Foes of new restrictive voting laws approved by states claimed victory Monday in beating back many of the measures that could have prevented up to five million Americans from casting ballots in local, state, and presidential elections next week.
Updating an October 2011 report that sounded the alarm on the adverse impact of the new laws, New York University Law School’s Brennan Center for Justice reported Monday that “the dramatic national effort to restrict Americans’ voting rights was met with an equally dramatic pushback by courts, citizens, the Department of Justice, and farsighted public officials.”
As a result, “restrictions will affect far fewer than the 5 million citizens we predicted last year,” according to the updated report. “For the overwhelming majority of those whose rights were most at risk, the ability to vote will not be an issue on November 6th.”

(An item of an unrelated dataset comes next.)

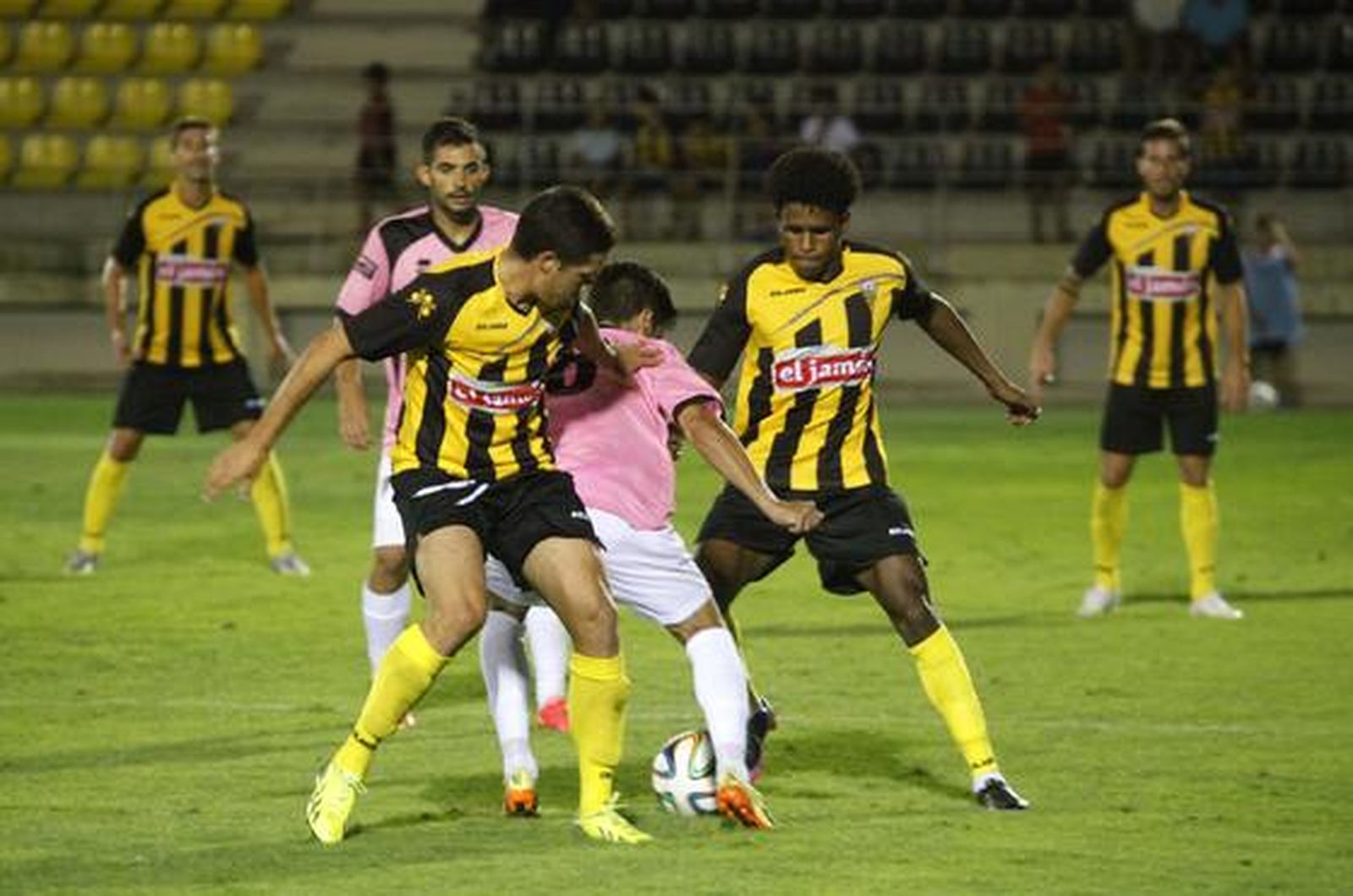 El Cádiz elimina al San Roque de Lepe (0-3) en la Copa del Rey con una imagen muy convincente

Foto: Dani Gomez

The new report states that “Strikingly, nearly all the worst new laws to cut back on voting have been blocked, blunted, repealed, or postponed. Laws in 14 states were reversed or weakened.”
Since January 2011, at least 180 bills were introduced in 41 states to make voting more restrictive, according to the Brennan Center. Of the 180 bills, 25 new laws were adopted and two executive orders were issued in 19 states. Combined, the states involved accounted for 231 electoral votes, 85 percent of what’s needed to win the presidency.
Advocates of the new laws say they are needed to protect the sanctity of the vote and to guard against fraud, although none of the states that faced court challenges – Texas, South Carolina, Pennsylvania – could point to a single case of in-person voter fraud out of millions of ballots cast over a course of years.
Opponents of the new laws contend the measures are about suppressing the votes of black, Hispanic, young and elderly people, folks who tend to support President Barack Obama and other Democratic candidates.
Voting rights activists warn that having beat back some of these laws doesn’t signal the end of the battle over voting rights and voting access. Brennan Center officials, along with civil rights and civil liberties activists, fully expect Republican-controlled state legislatures and governments to re-introduce voting access bills to require people to show government-approved photo identification to register or vote and to reduce or eliminate early voting periods.
Meanwhile, voting laws that were passed but blocked, like Pennsylvania’s and Wisconsin’s, are headed to court. The U.S. Supreme Court will likely hear two cases that could adversely impact voter protections. The justices will also likely hear a legal challenge to Section 5 of the Voting Rights Act.
Still, new voting law opponents rejoiced in what they’ve accomplished so far this election year.
“In the end, the bulk of the most onerous laws that would have made it harder for Americans to vote will not be in place for the 2012 elections,” the Brennan Center report said. “Of particular note, most of the voting restrictions adopted in swing states will not be in effect in 2012. “By and large, voters have won the battle over voting rights in 2012.”
Indeed, the victory was sweeping and dramatic. For example, federal judges blocked implementation of voter photo ID laws in South Carolina and Texas. State judges in Pennsylvania said the Republican-controlled government could not implement its photo ID law this election. In Ohio, Obama’s re-election campaign won a challenge to extend early voting in that critical state to beyond military personnel and their families.
In Florida, a judge squashed a provision in that state’s voting laws that made it difficult for third-party groups like the League of Women Voters and Rock the Vote to conduct registration drives. New Hampshire’s Democratic governor vetoed a voting law passed by the state’s GOP-controlled legislature that would have made it tough for college students and new state residents to register and vote. And Michigan’s Republican governor vetoed a proposal to broaden a photo ID law already on the books.